New beginnings for old galaxies By Dan Vergano, USA TODAY
ATLANTA The discovery of old galaxies formed when the universe was young has astronomers rethinking the origins of these vast islands of stars.
Galaxies such as our own Milky Way — a spiral whirl of perhaps 200 billion stars, including the sun — come in a variety of shapes and sizes. The most common are elliptical ones, football-shaped balls of stars that include the largest and oldest galaxies.
Over the past two decades, many astronomers have come to see these giant ellipticals as the product of mergers between smaller spiral galaxies that play out over billions of years.
Understanding how galaxies form can help scientists answer many big questions, from why Earth is where it is today to how the Big Bang's explosive force shaped the universe.
But the results of a survey of more than 300 distant galaxies challenge certain assumptions about the formation of giant galaxies. The survey of galaxies that existed when the universe was from 3 billion to 6 billion years old was presented here Monday at the American Astronomical Society by the Gemini "Deep Deep" Survey team.
"Our big result is that massive galaxies seem to be forming surprisingly soon after the Big Bang," says co-leader Roberto Abraham of the University of Toronto.
"We should be seeing fewer of them further back in time, but we don't."
The researchers found by telescope that about 19% of the galaxies surveyed are giant ellipticals already filled with aging red stars, says team astronomer Sandra Savaglio of Johns Hopkins University.

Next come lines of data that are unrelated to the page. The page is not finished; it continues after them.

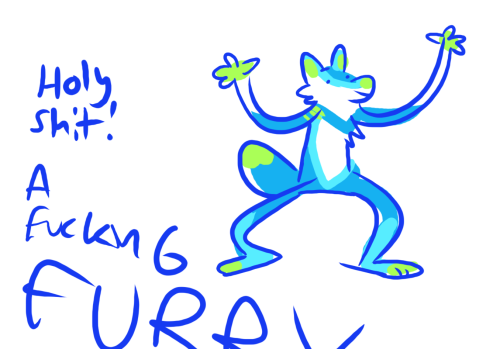 Would You Ever Make A "How-To" Guide To Making Furries?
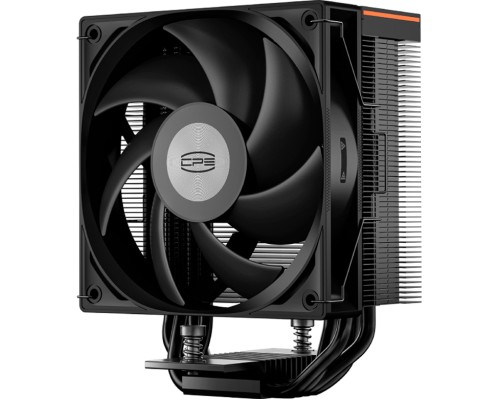 Кулер до процесора PcCooler RT400 Digital BK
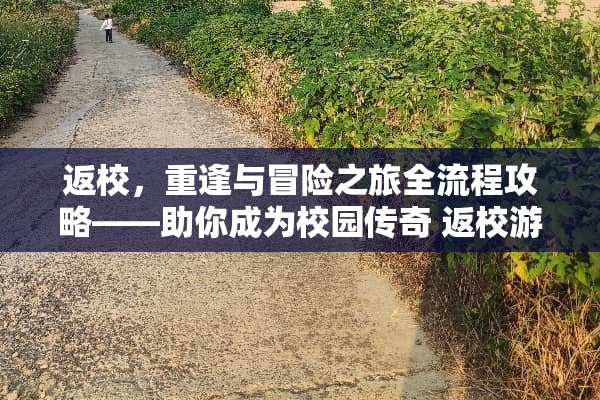 返校,重逢与冒险之旅全流程攻略——助你成为校园传奇 返校游戏全流程攻略 返校,重逢与冒险之旅全流程攻略——助你成为校园传奇 返校游戏全流程攻略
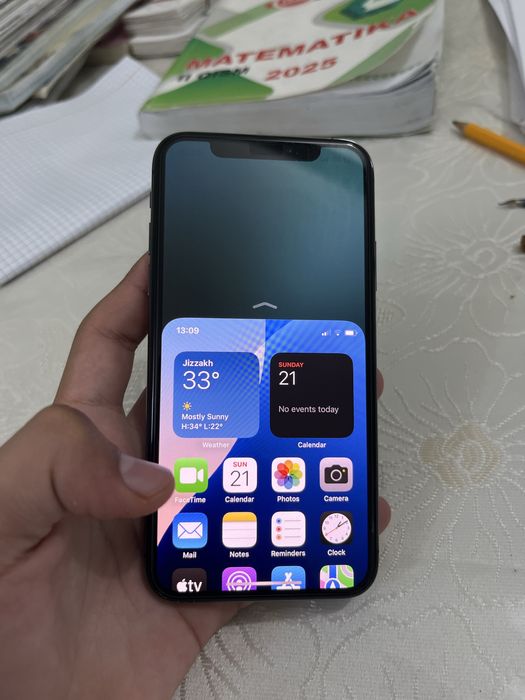 iPhone Xs LL/A region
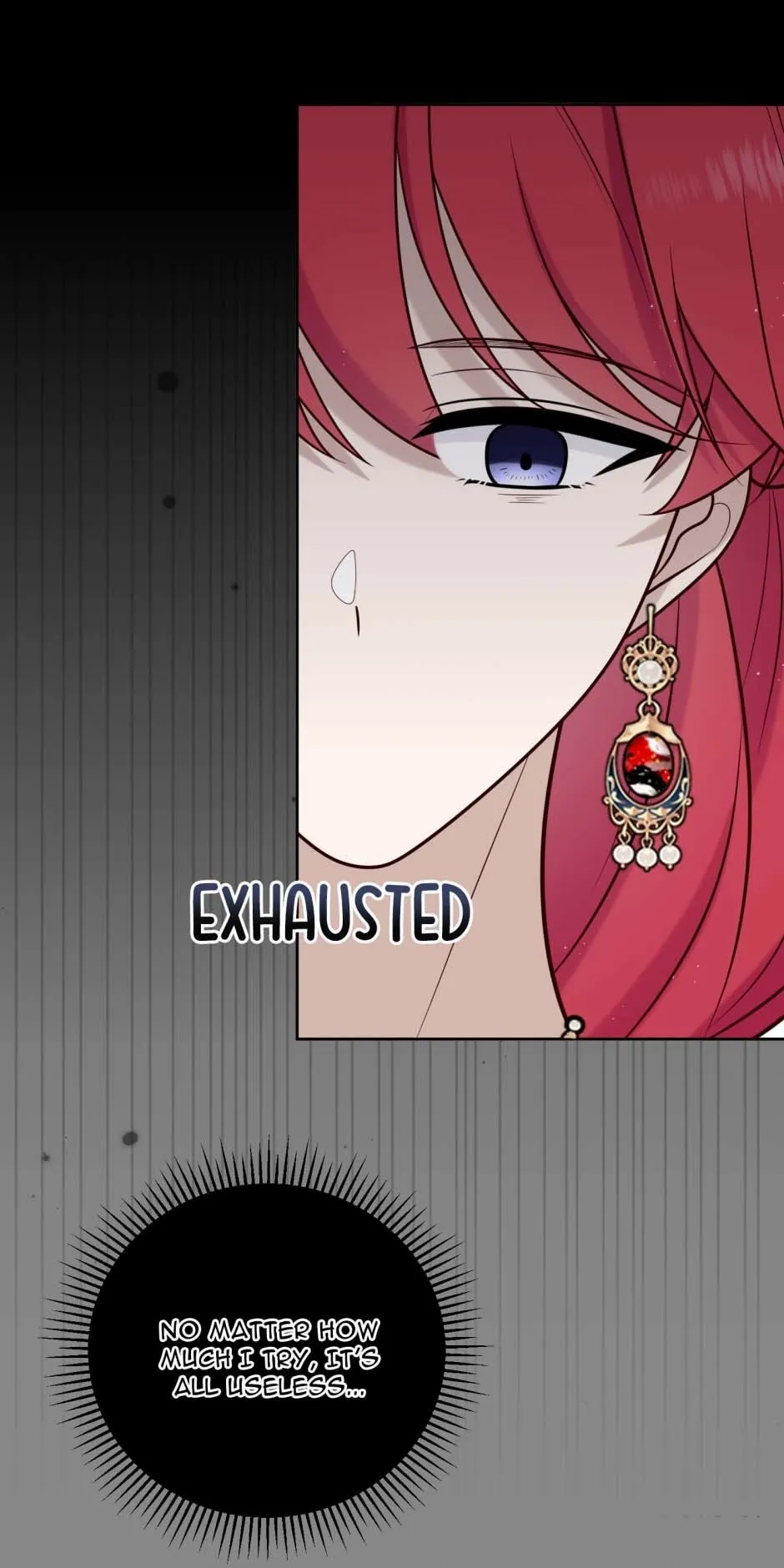 The Poetry of Love and War Chapter 22 page 32 - 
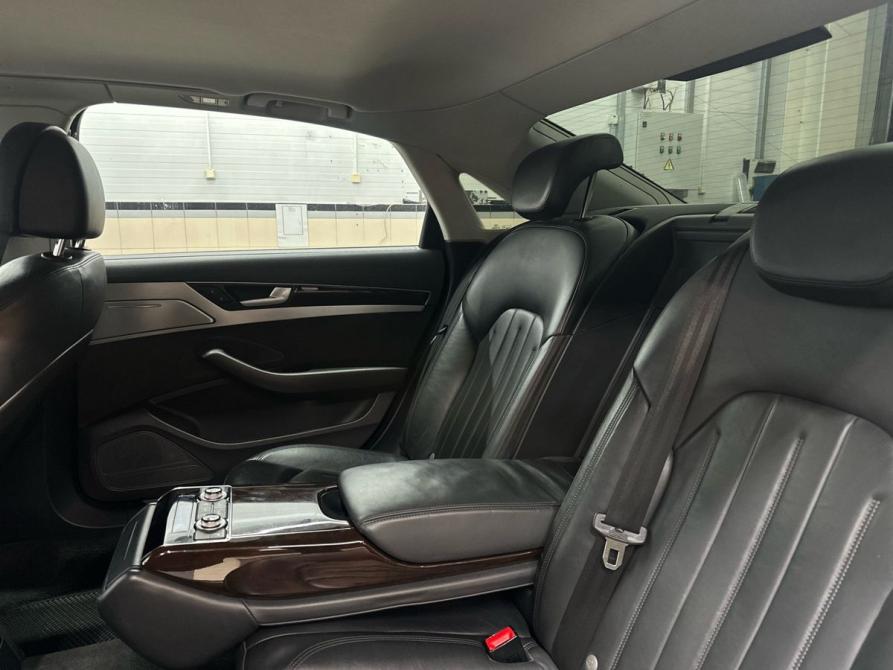 Audi A8 III (D4) Рестайлинг Ростов-на-Дону  - изображение 23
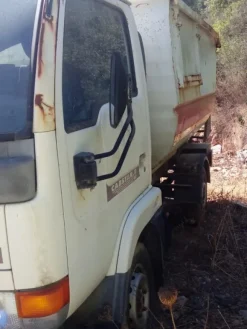 2#6545 Furgone Nissan Cabstar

That implies the galaxies formed about 12 billion years ago, only a billion or so years after the Big Bang started the cosmos — and much earlier than first expected.
The idea that giant elliptical galaxies slowly built up over billions of years has been under siege recently in results from the Hubble Space Telescope and elsewhere, but the survey results "really give it a strong push aside," says astronomer David Koo of the University of California-Santa Cruz, who was not a member of the GDDS team.
He expects results from NASA's Spitzer infrared space telescope to provide within the year an even better picture of how giant galaxies form, along with solving other mysteries about galaxies from all ages of the universe.
Scientists at the meeting also reported a pair of space oddities: the brightest star and the fastest-moving star yet seen.
Astronomer Steve Eikenberry of the University of Florida in Gainesville described perhaps the brightest and biggest star of all, LBV 1806-20. Up to 40 million times brighter than the sun, it outshines the "Pistol" star, the previous brightness record-holder spotted by Hubble in 1997.
Despite its brightness, LBV 1806-20 isn't visible from Earth. The star hides on the far side of the Milky Way, and dust blocks the view, except from infrared telescopes.
The fastest star, called PV Ceph, appears to have been a young star booted out of its home solar system by other nearby stars at speeds of about 40,000 mph, 10 to 20 times more than normal for a star. It was reported by astronomers Alyssa Gordon of the Harvard-Smithsonian Center for Astrophysics and Hector Arce of Caltech.